Ad animare il suo innovativo metodo didattico in quel quinquennio 1983-1988 erano i suoi furori religiosi. Mentre ci picchiava, infatti, invocava i santi: Santu Paulu beddu, Santa Maria, Sant'Antoni meu e Santa Rita da Cascia. In realtà quest'ultima, per me, era la più temuta perché mi pareva che le affiorasse alle labbra nei momenti di maggior furore e le trasformava le manine in pezzi di marmo. Noi avevamo imparato a nasconderci il capo fra le mani, soprattutto per difenderci i capelli e le orecchie, da lei sempre presi di mira con perizia feroce.

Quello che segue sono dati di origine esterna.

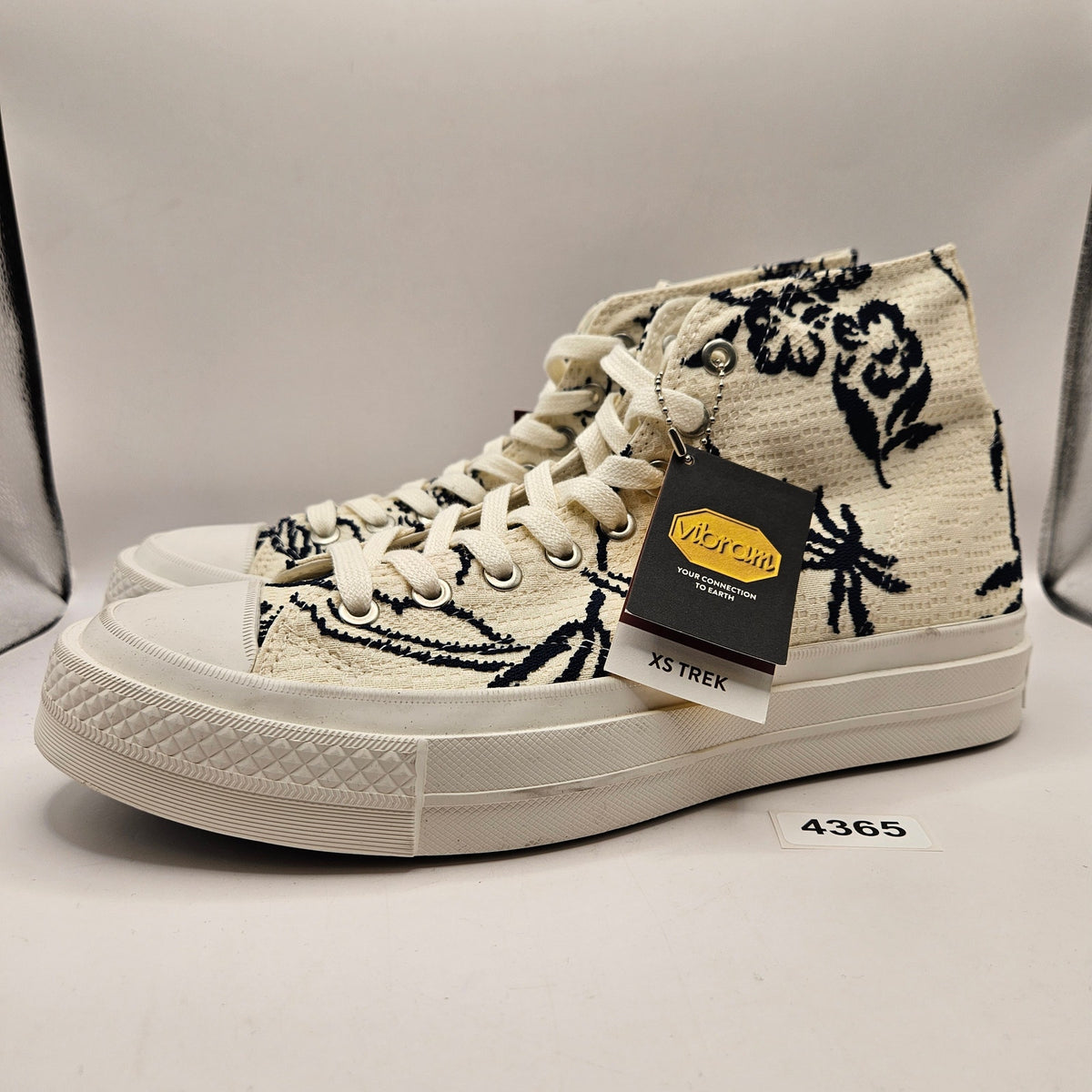 CONVERSE MEN'S 10.5 FIRST STRING CHUCK TAYLOR JAPANESE TROPICAL KNIT A16750C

Ma non è questo il punto. A me, a noi, credo, pareva normale il suo modo di approcciarsi così con dei bambini. Eravamo, infatti, abituati, direi che ci aveva educati alle botte. Ma, ripeto, il punto per me era un altro, perché quando capitavo io a tiro dei suoi ceffoni a me urlava:- Mafioso!

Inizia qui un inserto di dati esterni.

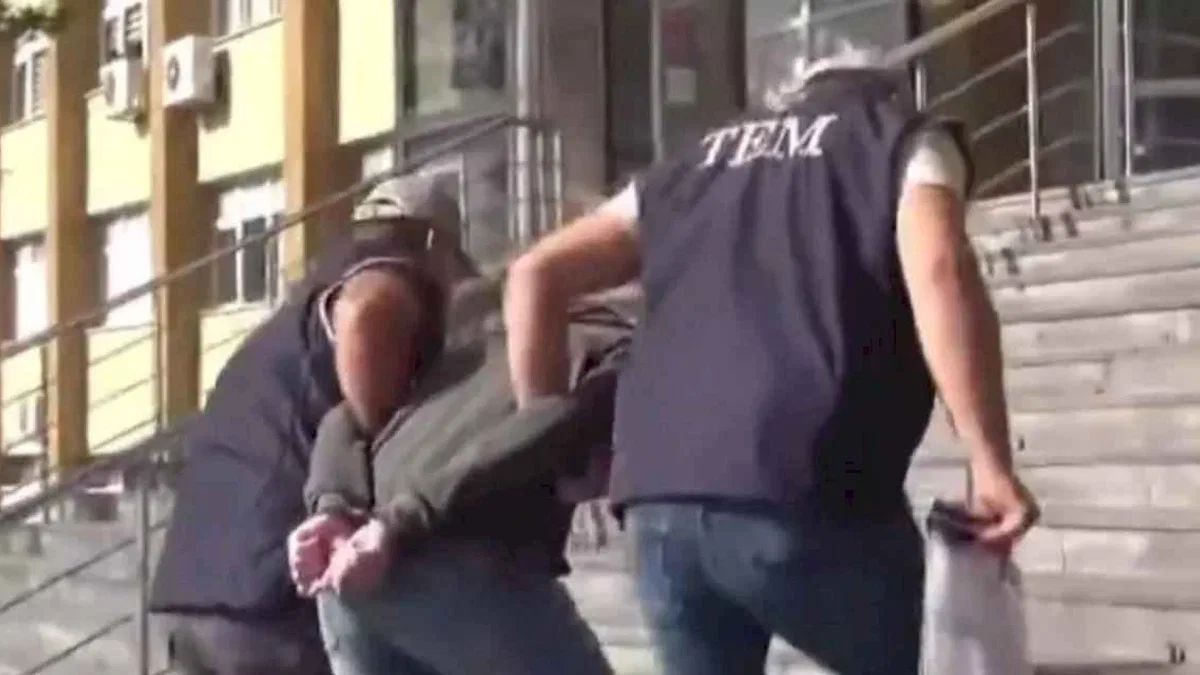 16 ilde 73 FETÖ'cüye Kıskaç!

Eh sì, io avevo una grave colpa per quella donna tanto devota e pronta a pregare per un mondo migliore: ero diverso, ero figlio di un siciliano. Notate la raffinata equazione: siciliano uguale mafioso. C'è dietro un immaginario, un mondo 'culturale' evidente di profondità estatica.

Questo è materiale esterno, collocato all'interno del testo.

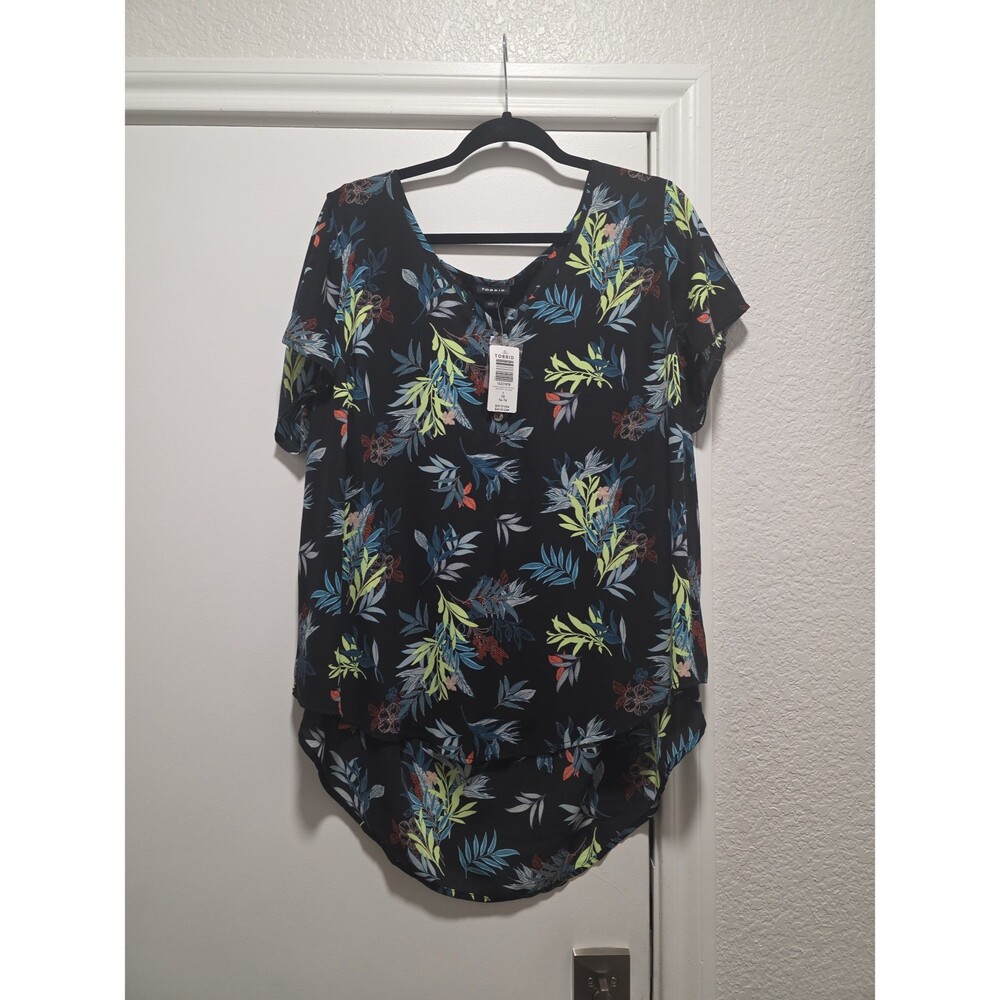 NWT Torrid top Sz 1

Io, però, devo ringraziare lei e quelli come lei (mi riferisco ai compaesani che di notte ci facevano telefonate anonime per dirci che eravamo una famiglia di mafiosi) se ho iniziato a guardare con stupore il mondo degli adulti. Da bambino, insomma, cominciavo a capire che intorno a me esisteva qualcosa di strano e che io ero diverso dagli altri. Non mi sentivo amareggiato particolarmente, è chiaro che mi dava fastidio, ma allo stesso tempo quella situazione mi ha forgiato: io ero fieramente di un'altra pasta, me lo diceva la mia maestra quando mi picchiava; non era forse così? Quindi per temperamento ho iniziato ad avere rabbia nei confronti dei luoghi comuni, degli intolleranti, dei buoni borghesi bravi a pregare e a ben apparire ma poi marci dentro e via via delle patrie, delle bandiere, degli inni nazionali, delle comunità 'sane' e via discorrendo. Insieme alla consapevolezza di essere altro rispetto al contesto e alla rabbia ho iniziato a coltivare la sensazione che il mondo degli adulti e la realtà borghese siano dominati dall'assurdo: una pagliacciata, insomma.

Non mi sono mai sentito, però, un perseguitato, né sfortunato; al contrario. Avevo la fortuna, sin da piccolino, di uscire dalla Sardegna e di viaggiare e mi accorgevo quanto dietro la mentalità della mia maestra e di molti arzachenesi per bene ci fosse un asfittico e intollerante orizzonte oscurantista da compatire, prima ancora che da disprezzare. E poi avevo l'esempio di mio padre che mi dava forza.

In questi giorni mi torna in mente quel periodo della mia infanzia. Non ho acredine nei confronti della mia maestra; la vorrei, anzi, ringraziare perché mi ha aperto gli occhi e mi ha incoraggiato a essere quello che sono, controcorrente, dalla parte di chi si sente diverso. Ha inoltre, indubbiamente, contribuito a innescare in me l'idea che il perbenismo sia di facciata e vada sempre irriso.

Se sono quello che sono è forse anche merito di chi mi ha 'voluto' così sin da bambino.

Gli adulti hanno sempre ragione: specie quando hanno tante certezze incrollabili.